*EXERCISE DESCRIPTION:* Write out exactly the lines running from the line that includes "청호동 누수 공사 비용" to the end of the data, both ends included, and nothing besides.

*SOURCE MATERIAL:*
★ ★ ★ ★ ★ ★ ★
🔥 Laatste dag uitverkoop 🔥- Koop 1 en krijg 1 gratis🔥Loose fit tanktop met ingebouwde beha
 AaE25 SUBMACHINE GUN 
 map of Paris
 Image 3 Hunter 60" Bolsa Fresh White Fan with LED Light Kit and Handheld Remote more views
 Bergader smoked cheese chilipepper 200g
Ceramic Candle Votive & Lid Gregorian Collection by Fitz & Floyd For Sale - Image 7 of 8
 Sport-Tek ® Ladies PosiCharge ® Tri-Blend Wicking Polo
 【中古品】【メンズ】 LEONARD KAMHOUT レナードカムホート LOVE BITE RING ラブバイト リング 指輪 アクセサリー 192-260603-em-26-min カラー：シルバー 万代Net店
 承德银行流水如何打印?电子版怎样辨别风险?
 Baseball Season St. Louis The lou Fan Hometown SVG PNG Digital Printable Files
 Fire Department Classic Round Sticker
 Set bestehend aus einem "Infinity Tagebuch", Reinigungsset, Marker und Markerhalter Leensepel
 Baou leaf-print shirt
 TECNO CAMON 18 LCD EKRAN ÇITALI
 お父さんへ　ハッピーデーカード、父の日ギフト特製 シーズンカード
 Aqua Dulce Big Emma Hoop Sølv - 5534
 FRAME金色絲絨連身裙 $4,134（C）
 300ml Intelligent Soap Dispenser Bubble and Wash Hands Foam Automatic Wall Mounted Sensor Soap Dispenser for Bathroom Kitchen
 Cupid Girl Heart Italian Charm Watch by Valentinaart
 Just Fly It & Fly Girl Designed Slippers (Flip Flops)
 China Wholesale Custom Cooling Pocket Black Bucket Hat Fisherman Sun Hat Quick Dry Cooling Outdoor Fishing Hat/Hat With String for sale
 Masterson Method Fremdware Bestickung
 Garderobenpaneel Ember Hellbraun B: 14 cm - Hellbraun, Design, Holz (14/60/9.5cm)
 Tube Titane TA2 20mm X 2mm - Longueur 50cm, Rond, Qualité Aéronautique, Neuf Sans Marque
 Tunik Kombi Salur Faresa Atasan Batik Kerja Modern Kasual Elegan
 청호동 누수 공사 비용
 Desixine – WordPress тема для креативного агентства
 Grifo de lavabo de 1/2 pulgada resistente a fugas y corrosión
★ ★ ★ ★ ★ ★ ★
*WRITTEN RESPONSE:*
 청호동 누수 공사 비용
 Desixine – WordPress тема для креативного агентства
 Grifo de lavabo de 1/2 pulgada resistente a fugas y corrosión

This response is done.